### EXERCISE BRIEF
Copy the lines below exactly, starting at the one with "Printable Wedding Invitation" and ending at the one with "Alumínium Profil I8 40x40 - Kép 1.", and leave out any picture.

### SUPPLIED DATA
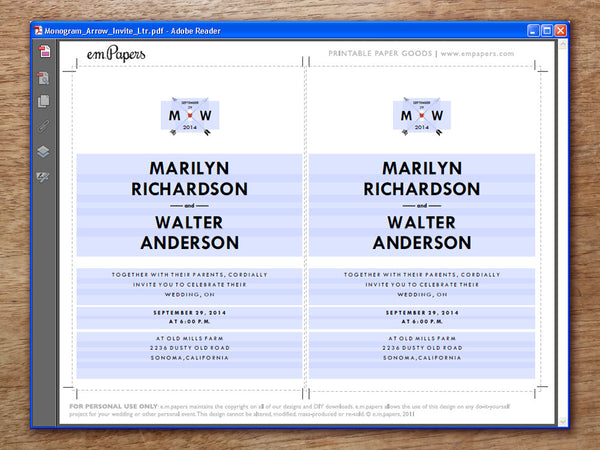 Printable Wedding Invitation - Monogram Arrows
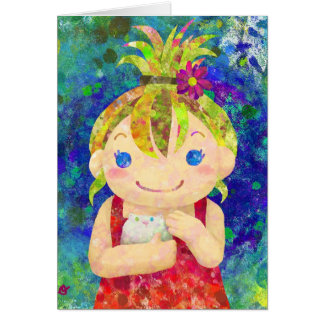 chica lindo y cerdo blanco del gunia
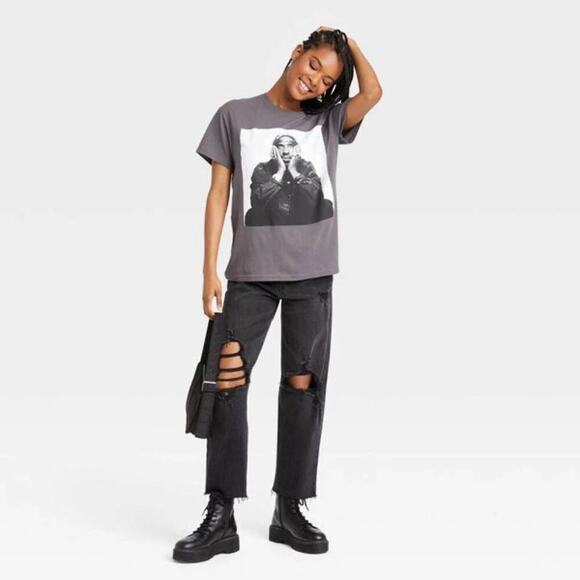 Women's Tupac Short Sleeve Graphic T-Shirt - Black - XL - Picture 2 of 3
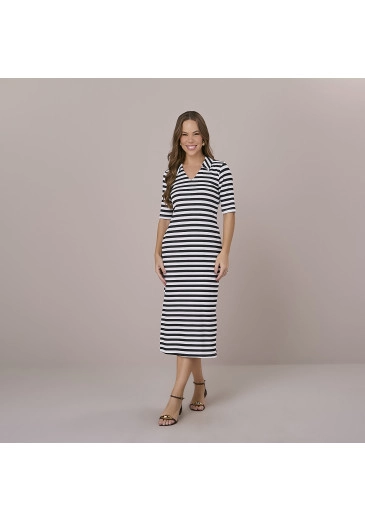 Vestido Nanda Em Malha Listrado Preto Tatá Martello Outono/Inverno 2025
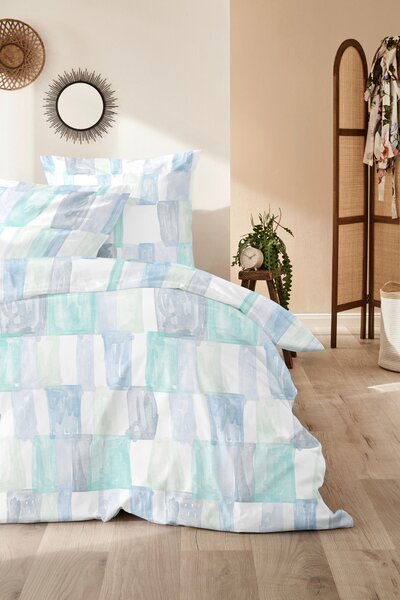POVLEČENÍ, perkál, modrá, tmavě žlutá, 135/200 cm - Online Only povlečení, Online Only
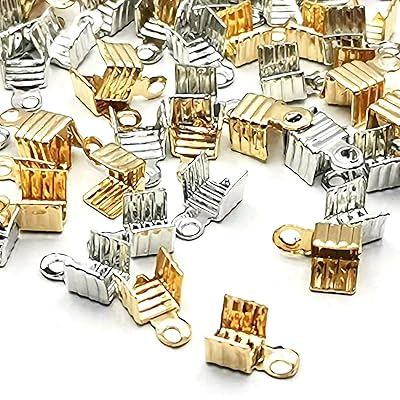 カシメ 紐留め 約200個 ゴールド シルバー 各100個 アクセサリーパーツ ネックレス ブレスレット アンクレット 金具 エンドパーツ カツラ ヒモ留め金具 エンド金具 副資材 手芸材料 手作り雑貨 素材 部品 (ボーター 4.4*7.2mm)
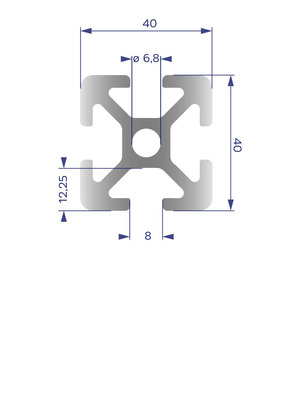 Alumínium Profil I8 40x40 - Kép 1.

==

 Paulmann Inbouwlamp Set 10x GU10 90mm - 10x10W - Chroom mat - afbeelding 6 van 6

### RESULT FOR THIS TASK
 Printable Wedding Invitation - Monogram Arrows
 chica lindo y cerdo blanco del gunia
 Women's Tupac Short Sleeve Graphic T-Shirt - Black - XL - Picture 2 of 3
 Vestido Nanda Em Malha Listrado Preto Tatá Martello Outono/Inverno 2025
POVLEČENÍ, perkál, modrá, tmavě žlutá, 135/200 cm - Online Only povlečení, Online Only
 カシメ 紐留め 約200個 ゴールド シルバー 各100個 アクセサリーパーツ ネックレス ブレスレット アンクレット 金具 エンドパーツ カツラ ヒモ留め金具 エンド金具 副資材 手芸材料 手作り雑貨 素材 部品 (ボーター 4.4*7.2mm)
 Alumínium Profil I8 40x40 - Kép 1.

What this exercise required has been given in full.